What This Doesn't Solve

Being honest about the remaining gap:

  • Market impact is still a model. The Almgren-Chriss framework — or whatever impact model you use — approximates reality. Real market impact is path-dependent, depends on hidden order-book state, and is sensitive to who else is trading at the same moment. The replay uses the best model we have; it doesn't know the ground truth because nobody does.
  • Fee schedules change. IB, Futu, and every venue we onboard update their pricing on their own cadence. The normalization pipeline has to track these updates; miss one and a quiet bias creeps in over weeks.
  • Tax and settlement accounting is downstream. Broker commissions are part of the cost model; tax treatment of gains and losses is not — that's the portfolio accounting layer. The two have to agree at year-end, but they're solved by different systems.
  • Market regime change breaks the comparison. Shadow replay assumes the structural cost model holds. A regime where bid-ask spreads widen or commissions rise eats the same proportional bite out of both live and shadow — the P&L difference stays small while both fall. Shadow tracking is a calibration tool, not a regime detector.

Documenting these, rather than hiding them inside "realistic assumptions," is how we avoid the trap of shadow replay quietly becoming another thing that silently papers over the gap.

The Lesson

The research layer is visible; everyone sees the strategy. The execution layer is where correctness gets earned — one cost layer at a time, mostly out of sight.
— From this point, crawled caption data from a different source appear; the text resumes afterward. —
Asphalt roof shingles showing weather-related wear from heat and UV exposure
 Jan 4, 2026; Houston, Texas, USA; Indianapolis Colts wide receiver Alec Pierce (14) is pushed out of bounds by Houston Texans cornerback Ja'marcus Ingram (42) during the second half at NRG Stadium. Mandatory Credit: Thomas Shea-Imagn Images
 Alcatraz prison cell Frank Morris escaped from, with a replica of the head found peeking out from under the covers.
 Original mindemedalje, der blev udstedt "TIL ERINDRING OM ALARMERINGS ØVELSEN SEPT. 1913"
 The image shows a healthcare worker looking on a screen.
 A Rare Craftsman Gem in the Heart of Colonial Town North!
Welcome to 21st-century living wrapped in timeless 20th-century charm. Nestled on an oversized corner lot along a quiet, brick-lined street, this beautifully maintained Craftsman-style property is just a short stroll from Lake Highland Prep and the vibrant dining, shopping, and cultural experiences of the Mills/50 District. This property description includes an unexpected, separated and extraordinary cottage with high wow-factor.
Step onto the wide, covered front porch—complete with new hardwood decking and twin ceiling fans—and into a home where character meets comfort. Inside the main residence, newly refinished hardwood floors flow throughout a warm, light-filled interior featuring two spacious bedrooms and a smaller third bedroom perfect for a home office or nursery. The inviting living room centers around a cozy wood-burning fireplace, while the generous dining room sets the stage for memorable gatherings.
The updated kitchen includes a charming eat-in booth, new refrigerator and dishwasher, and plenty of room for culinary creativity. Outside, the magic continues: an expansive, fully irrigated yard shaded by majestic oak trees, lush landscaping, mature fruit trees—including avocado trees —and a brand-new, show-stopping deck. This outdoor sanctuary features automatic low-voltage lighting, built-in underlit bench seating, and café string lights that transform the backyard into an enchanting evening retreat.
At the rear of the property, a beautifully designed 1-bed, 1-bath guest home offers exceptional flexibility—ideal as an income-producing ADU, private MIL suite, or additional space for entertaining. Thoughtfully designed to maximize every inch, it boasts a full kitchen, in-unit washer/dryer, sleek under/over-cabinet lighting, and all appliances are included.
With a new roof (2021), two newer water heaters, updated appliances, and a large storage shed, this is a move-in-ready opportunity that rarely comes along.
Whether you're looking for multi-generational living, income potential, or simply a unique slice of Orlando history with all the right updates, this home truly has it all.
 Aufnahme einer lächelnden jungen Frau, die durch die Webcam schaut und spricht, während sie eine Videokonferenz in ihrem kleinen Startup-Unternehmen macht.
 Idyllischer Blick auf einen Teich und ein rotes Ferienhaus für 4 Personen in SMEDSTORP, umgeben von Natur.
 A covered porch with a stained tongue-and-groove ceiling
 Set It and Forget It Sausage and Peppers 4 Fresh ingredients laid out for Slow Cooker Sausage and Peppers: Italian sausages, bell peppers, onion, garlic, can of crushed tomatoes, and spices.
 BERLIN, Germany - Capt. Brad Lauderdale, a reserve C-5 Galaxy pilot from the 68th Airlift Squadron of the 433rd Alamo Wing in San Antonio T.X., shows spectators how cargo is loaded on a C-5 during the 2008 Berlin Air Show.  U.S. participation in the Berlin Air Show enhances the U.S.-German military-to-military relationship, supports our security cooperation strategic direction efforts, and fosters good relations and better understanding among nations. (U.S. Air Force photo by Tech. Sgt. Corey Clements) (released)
If your backtest predicts live within 10 basis points per month, your signal is fine and your cost model is solid. If it predicts within 50 basis points, your signal is probably fine and your cost model has work. If it predicts within 200 basis points or worse, don't touch the signal yet — fix the cost model first.

The specific fixes — execId late-binding on IB, FX normalization across Rust/Go/Python consumers, cash seeding normalization, venue-specific fee schedule loading — are Dnalyaw-specific. The generalizable instinct is: if backtest-live drift is your problem, the cost model is where to look first.

Concretely, if you're auditing an existing platform's calibration pipeline: the first question to ask is whether the backtest replay knows the commission arrived 2.3 seconds after the fill, or whether it booked everything synchronously. If it's the latter, you've found a months-long source of silent bias. Everything else is secondary until that's fixed.

This is the last in a four-post series on the engineering discipline behind vertical integration of research and execution — from flatten verifiers to prompt-cache stability to agent checkpoint design to the cost-model pipeline here. Different systems, same pattern: the edge lives in the invariants you enforce, not the models you train.

Flatten, cache, turn, cost. Each of them the place an ordinary PR can silently turn a good system into a broken one. And each of them the place a small amount of discipline compounds into the kind of correctness that shows up on the monthly reconciliation.